Saudi Arabia on Thursday announced it had undertaken another multi-billion dollar bond sale to finance a persistent budget deficit left by low oil prices.
The world's top crude oil exporter raised $12.5 billion (10.6 billion euros) in its third international bond issue, the finance ministry said.
It comes as Saudi Arabia pursues economic and social reforms including this week's announcement that it will end a ban on women driving.
The kingdom has already undertaken three "sukuk" Islamic bond issues this year -- including one international sale -- totalling around $15 billion.
Last year it raised $17.5 billion in its first global bond issue -- the largest ever by a single country. Previously it had sold domestic bonds.
The latest issue was heavily oversubscribed with orders worth $40 billion, according to the finance ministry.
A slump in global oil prices resulted in massive budget shortfalls in 2014.
Saudi Arabia has posted a budget deficit in each of the past three years and is headed for a fourth year in the red in 2017.

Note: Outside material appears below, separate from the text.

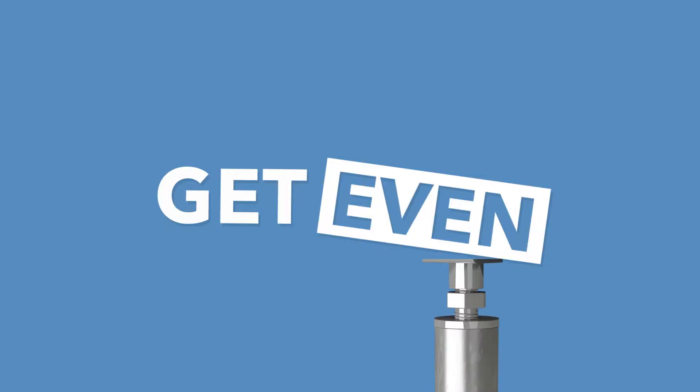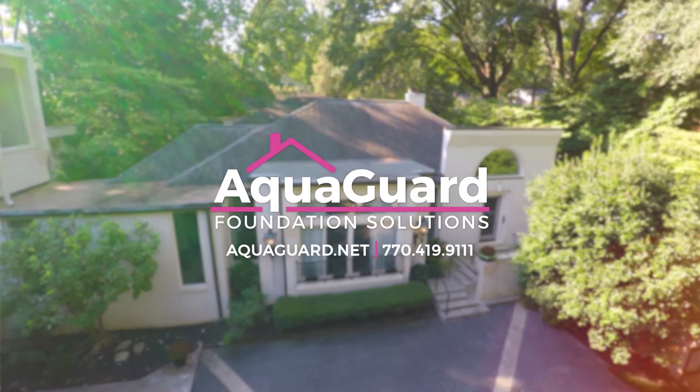Let AquaGuard stabilize your floors and protect your home's value. Don't get mad, get even. Call AquaGuard today.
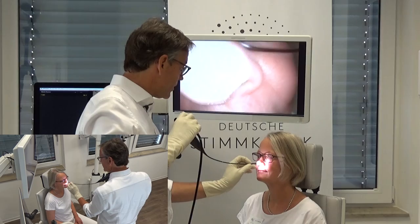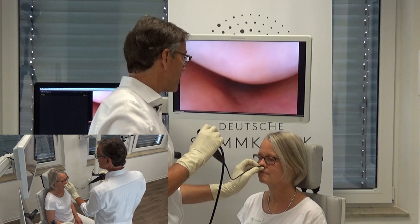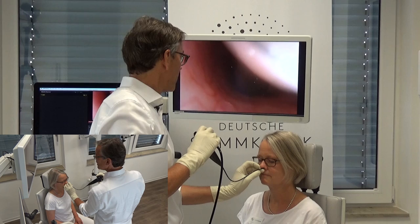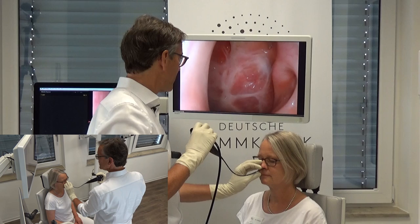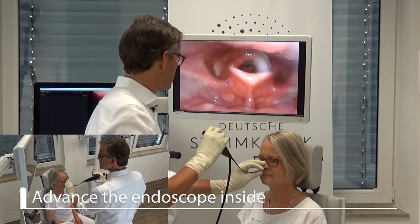Go inside through the nose. Usually the numbing takes place after a couple of seconds so that I can immediately start. She need not help me with her head position — she can just keep her head as it is — and I will control while seeing, and advance the endoscope all the way inside.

The kingdom's deficit topped $200 billion from 2014 to 2016, and it is forecast to post a $53 billion shortfall this year.
Riyadh has also withdrawn more than $230 billion from its fiscal reserves since the end of 2014 to finance the budget deficit. Its reserves now stand at just over $490 billion.
Economic growth in Saudi Arabia is expected to hit just 0.1 percent this year, the weakest since 2009, according to the International Monetary Fund.
The kingdom is due to introduce its first value-added tax (VAT) in early 2018 and is preparing to sell just under five percent of energy giant Aramco next year.